Brow Beat

Marshall McLuhan Talks Presidential Debates on The Today Show, 1976

Last week, the terrific website Open Culture posted a remarkable clip from The Today Show: a ten-minute segment from 1976 in which media theorist Marshall McLuhan—the author of Understanding Media among many other books, best known these days either for saying “the medium is the message” or for appearing in Annie Hall *—discussed the Ford/Carter presidential debate with Tom Brokaw and Edwin Newman.

McLuhan, whom Brokaw introduces as “practically a household word in this television-conscious society,” explains that he watched the debate, “not so much from a policy point of view, but from a television point of view,” on one black-and-white set and two color sets (one tuned to CBS, the other to NBC; they looked quite different, he says).

McLuhan thought the arrangement of the debate was idiotic. “I never saw a more atrocious misuse of the TV medium,” he says. TV, according to McLuhan, is not a debating medium: It won’t work to have two men stand at podiums and talk at each other. “All that matters” in such a format “is that they hold the audience on their image, no matter what they say.” He thought the the debates needed to be shorter and more conversational, with the two men sitting across from each other as guests are on The Today Show. (Charlie Rose would apparently agree.) Brokaw asks if that would mean a series of 15-minute conversations, one a day, and McLuhan says that sounds “reasonable.”

Other suggestions by McLuhan seem less reasonable. This particular debate between Ford and Carter may be best known for its technical difficulties: At one point, the speakers went out, and viewers at home couldn’t hear the candidates for a stretch. McLuhan calls this a “glorious moment” and describes it as “the rebellion of the medium against the bloody message.” Pressed on the point by Brokaw, McLuhan insists that TV was, in some fashion, revolting against the awfulness of the debate format. “The vibrations got through to the amplifier and it said this cannot continue.” When Brokaw seems incredulous, McLuhan insists, “The vibes really did get through. The medium was the message.”

This wild idea should perhaps be no surprise coming from McLuhan: As Gary Wolf wrote in Wired in 1997, “Even in areas where McLuhan was expected to be more dependable… his pronouncements were often incredible.” What seems most incredible to me about this cultural artifact is that there was ever a time when The Today Show would spend ten uninterrupted minutes talking about the presidential debates with a media theorist.

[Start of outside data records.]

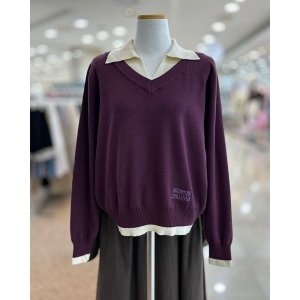 부루앤쥬디 카라 배색 브이넥 니트 BBRJPO011B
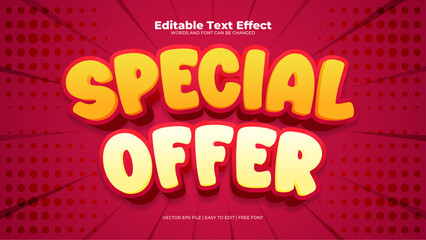 Red and yellow special offer 3d editable text effect - font style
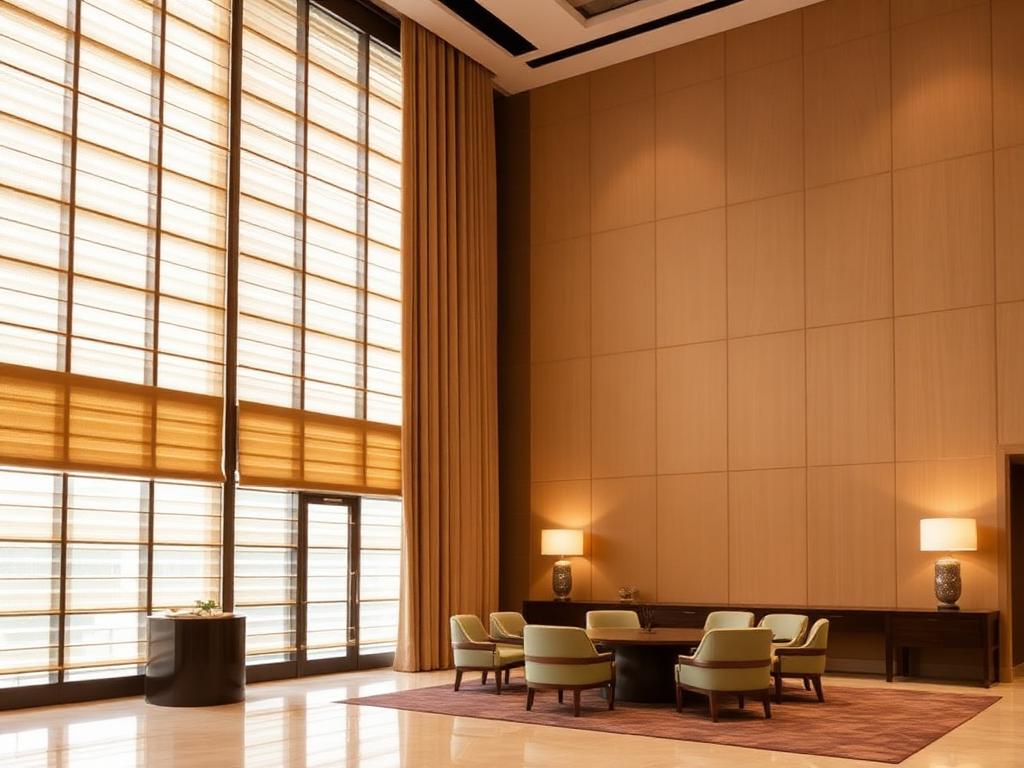 Custom drapery and blinds in a commercial interior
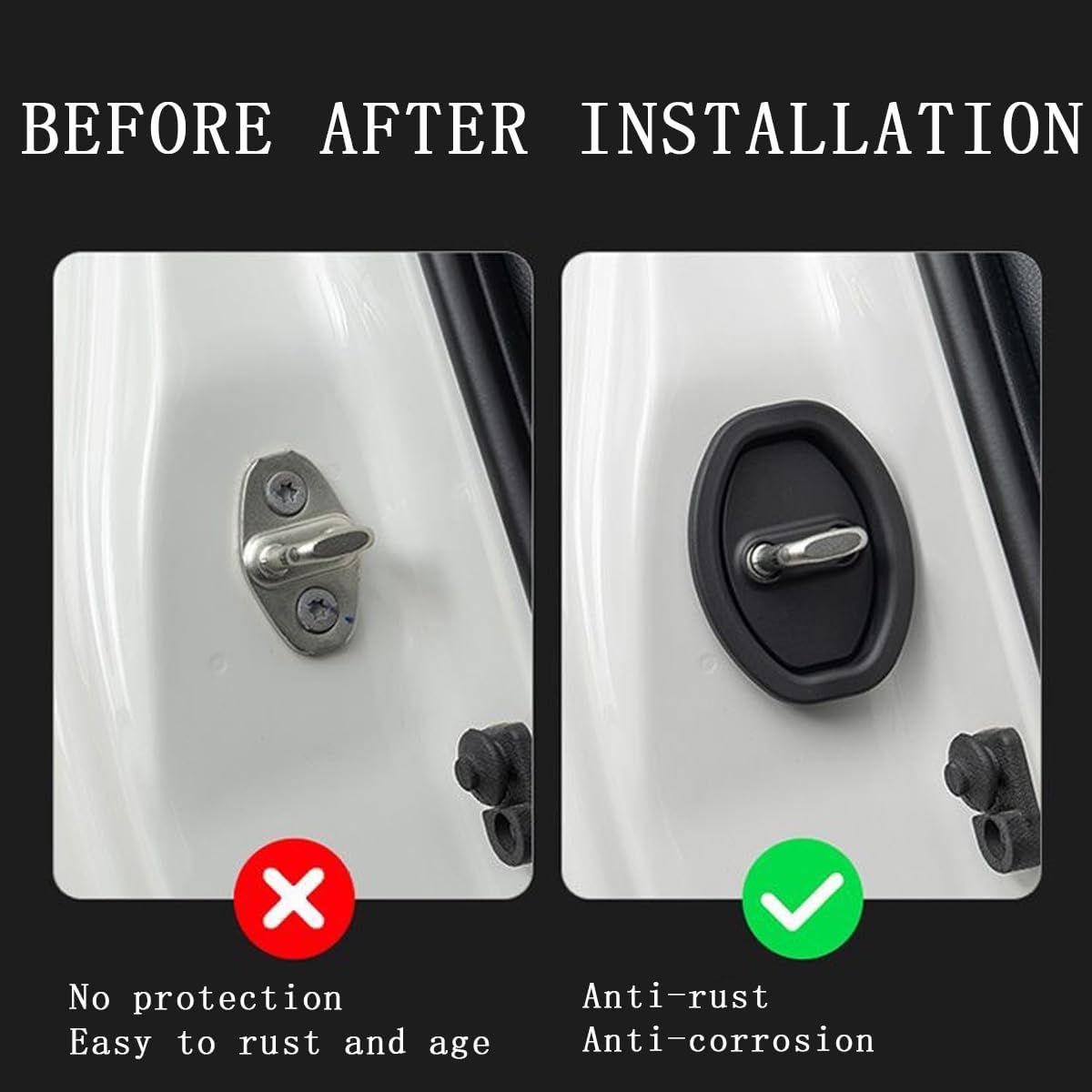 12 PCS Car Silicone Door Latch Protective Cover Guard Car Decorations Car Door Lock Latches Silent Shock Cover Vehicle Doors Locks Guard Stopper Car Protector Accessories for Most Vehicles - Image 4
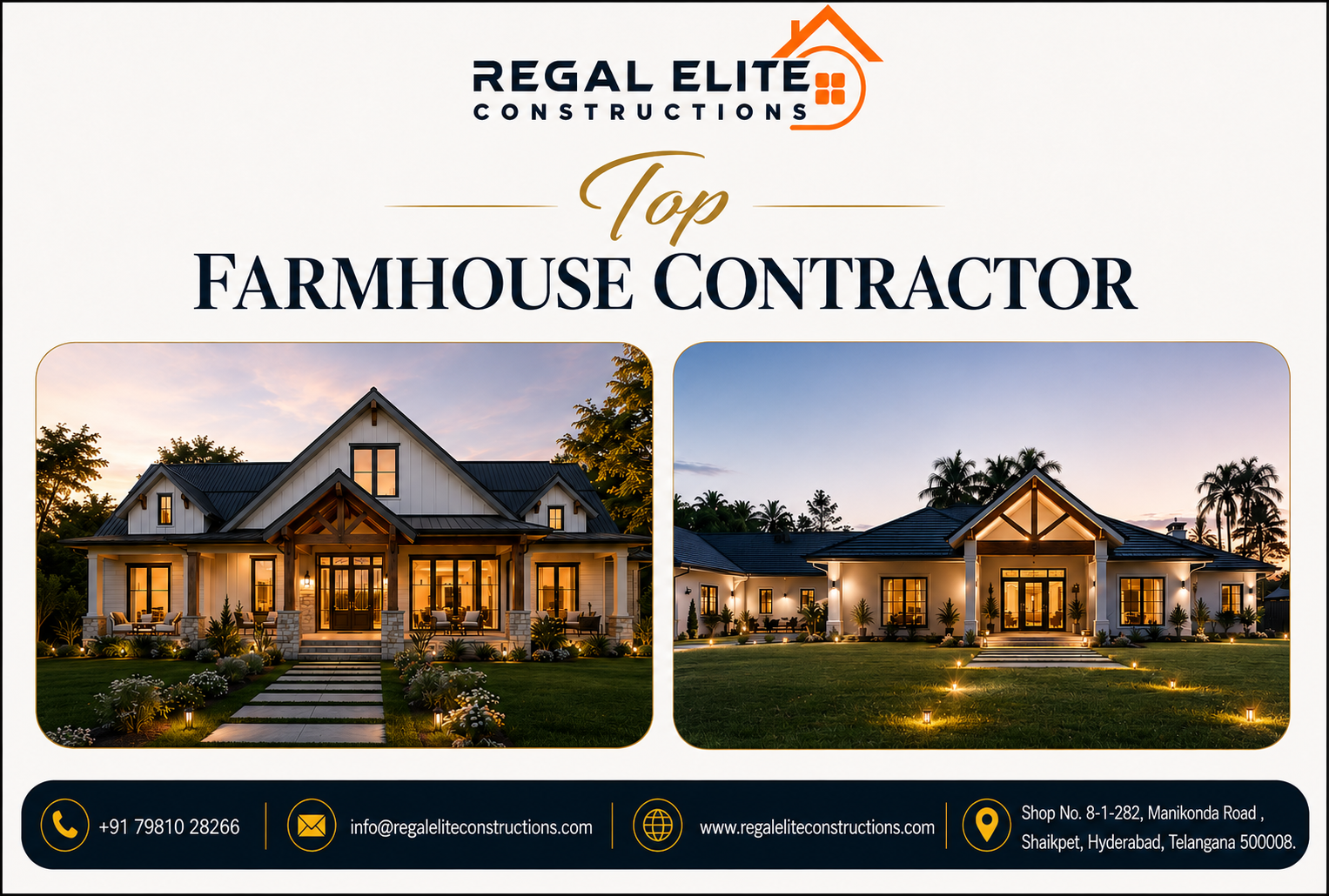 Top farmhouse contractor constructing a modern luxury farmhouse in Hyderabad with premium architectural design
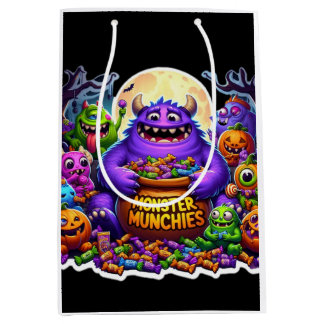 Kleurrijke monsters met snoep Halloween Medium Cadeauzakje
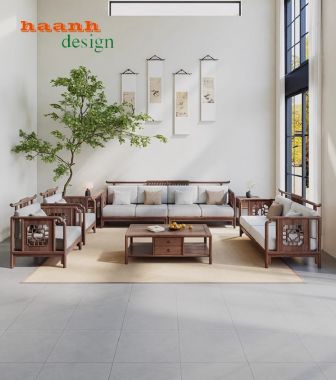 Khám phá mẫu sofa gỗ óc chó đẹp, bền, chuẩn phong cách Á Đông-BGC 016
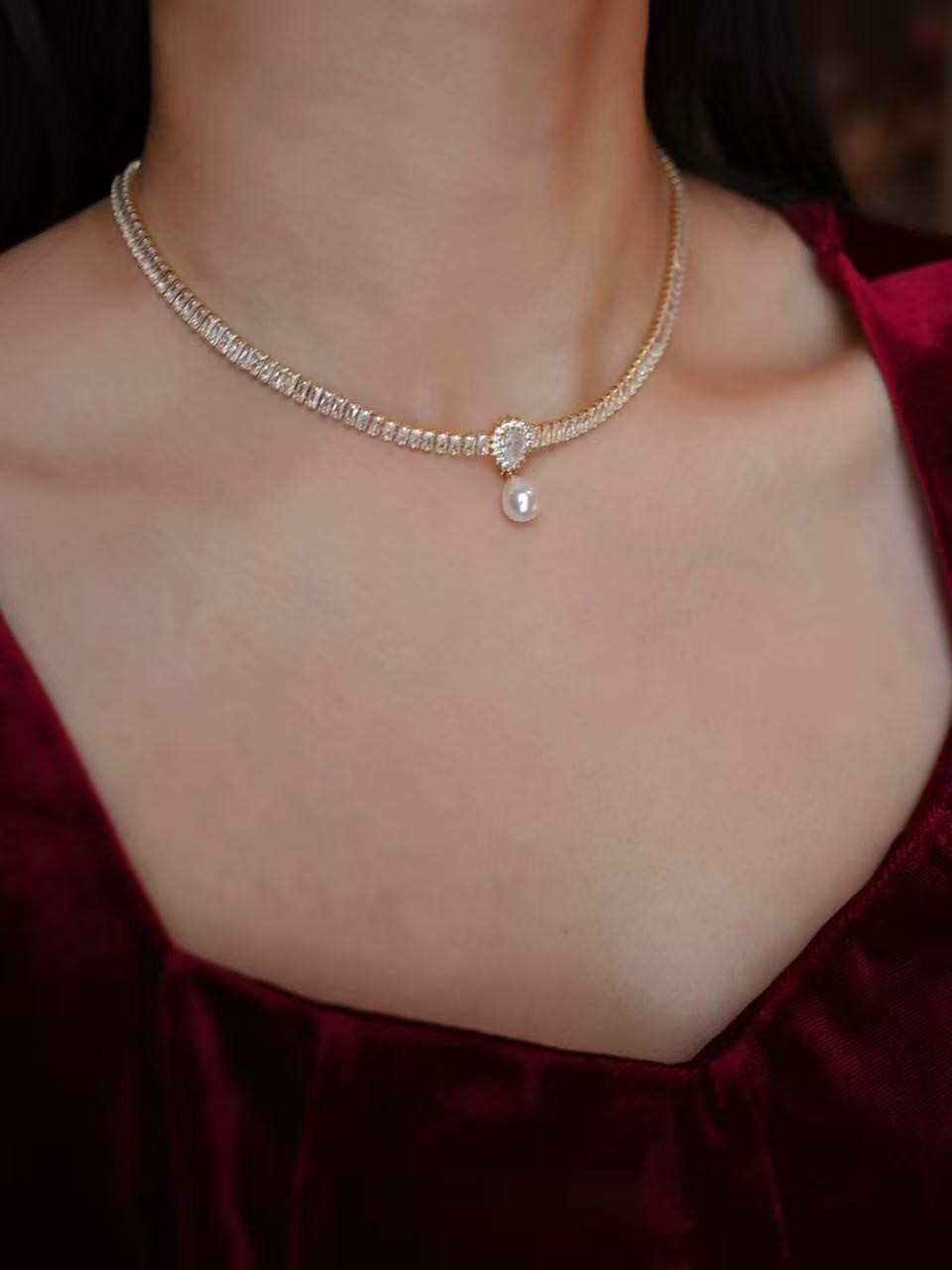 Vintage Pearl Drop Necklace French Bridal Gold Tone Wedding Choker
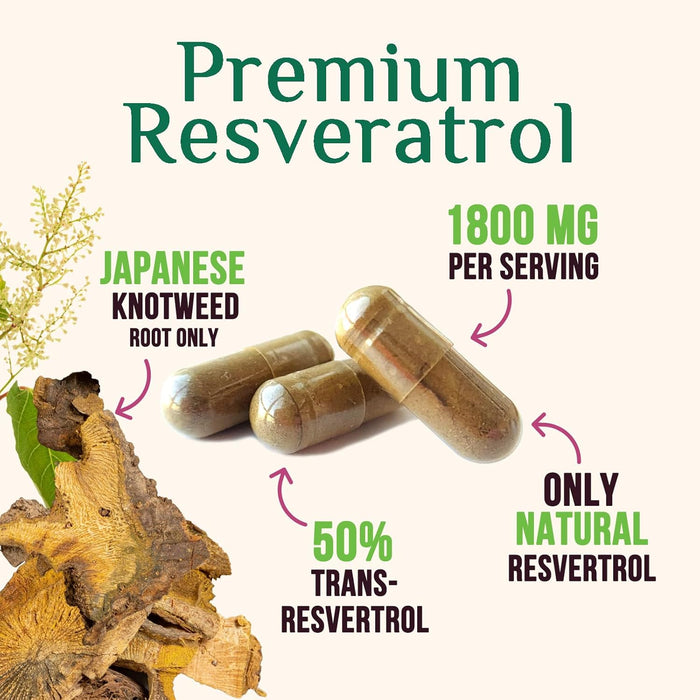 Resveratrol 1800mg Per Serving - Potent Antioxidants for Immune Support - Extra Strength Trans-Resveratrol Supplement Supports Healthy Aging & Heart Health - from Natural Polygonum Root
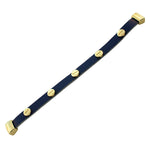Fashion Alloy Blue Leather Yellow Gold-Tone Wristband Wrap Bracelet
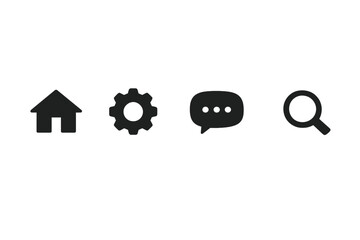Obraz premium A set of four minimalist black icons representing home, settings, chat, and search functions, displayed horizontally on a plain white background for user interface design.
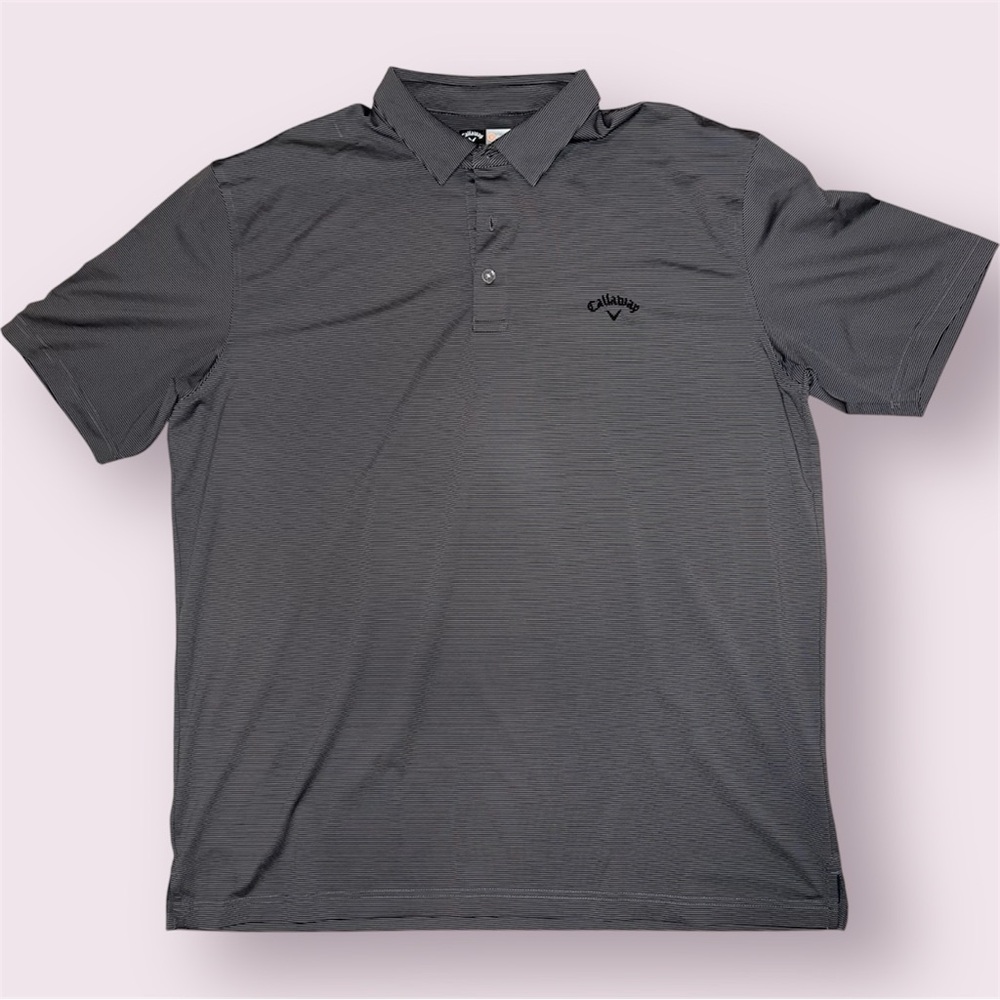 Callaway Opti-Dri Golf Polo Shirt Mens XL Allover Print Stripes Black / Gray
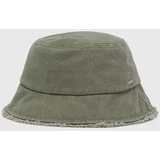Roxy Bombažni klobuk zelena barva, ERJHA04254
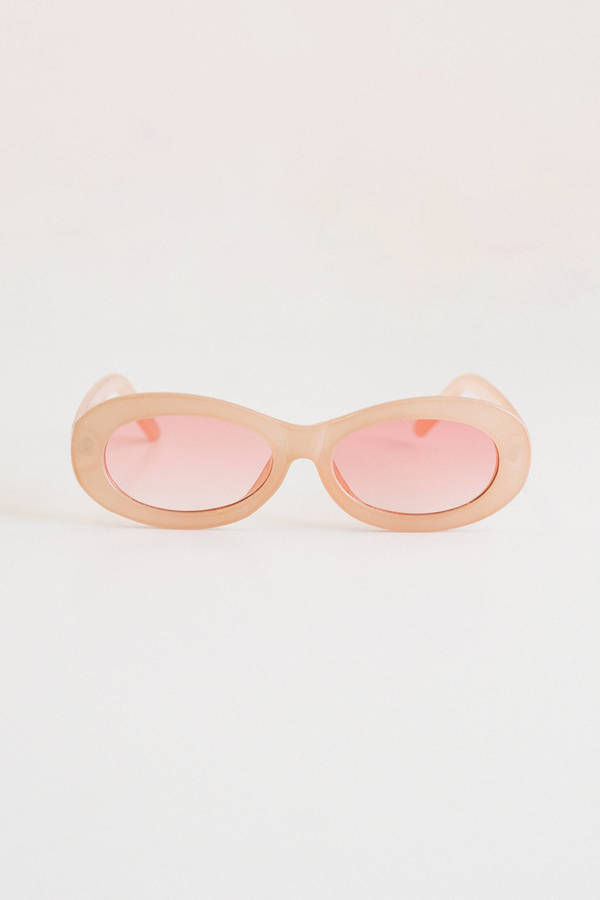 Spin Me Nude Round Frame Sunglasses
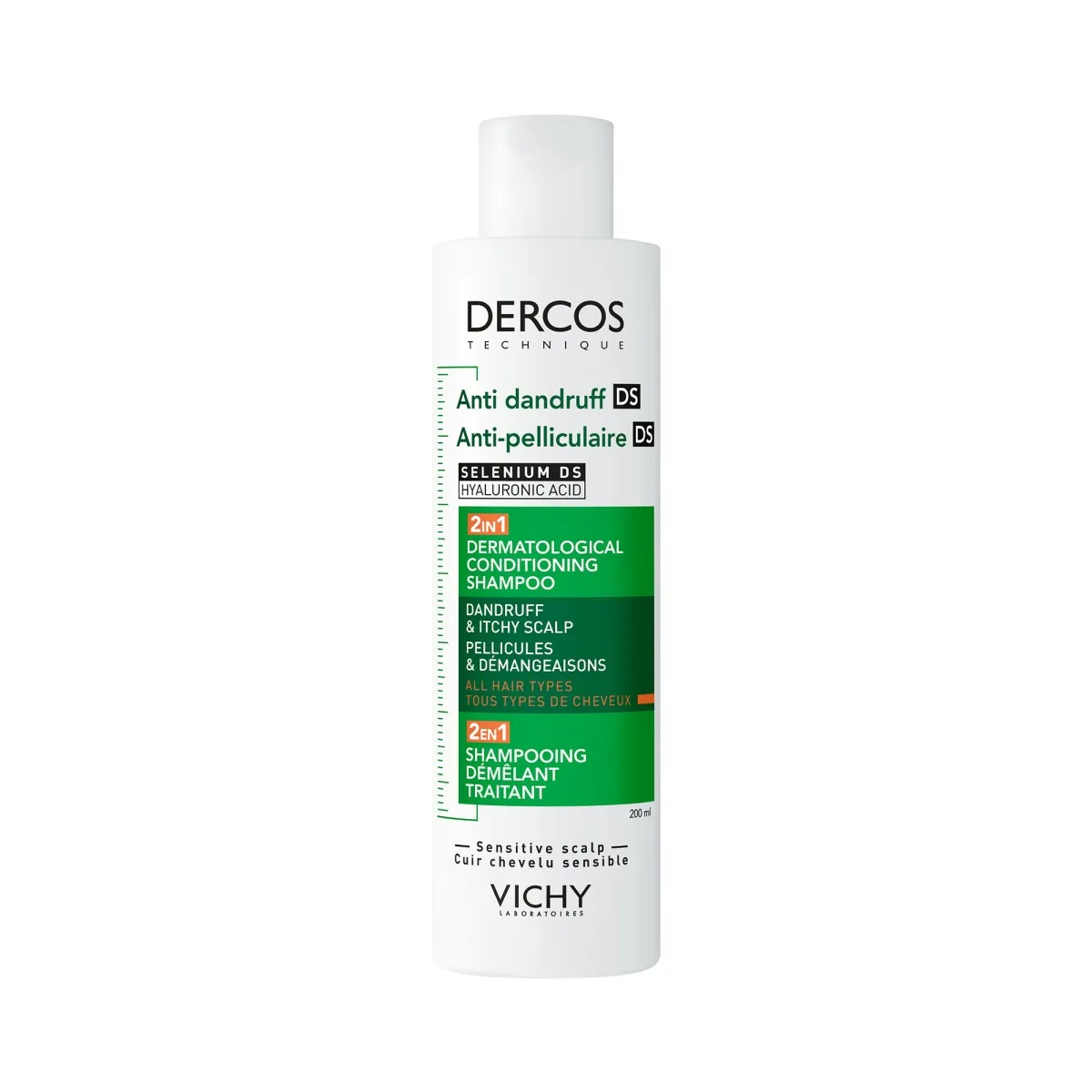VICHY DERCOS DS pretblaugznu šampūns un balzams, 200 ml - Produkta attēls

* In his Annie Hall scene, McLuhan famously chides a pontificating professor by saying “You mean my whole fallacy is wrong.” As many fans of the movie have pointed out, that sentence makes little sense: Fallacies are by definition wrong—and why would McLuhan correct someone by acknowledging his own fallacy? According to an academic paper by W.J.T. Mitchell, McLuhan wrote the line himself.

Bonus pop culture artifact: In the first season of Mad Men, Joan tells Peggy, “Well, you know what they say: The medium is the message.” Was the phrase really in common currency in 1960, when that episode is set? It seems unlikely: McLuhan’s big popular breakthrough was with Understanding Media, from 1964; his previous book, The Gutenberg Galaxy, was also popular; it was published in 1962.

(Further viewing: Marshall McLuhan Speaks, a website created this year for the McLuhan centennial—he was born in 1911—which includes, among many other clips, a 1984 documentary about McLuhan narrated by Tom Wolfe.)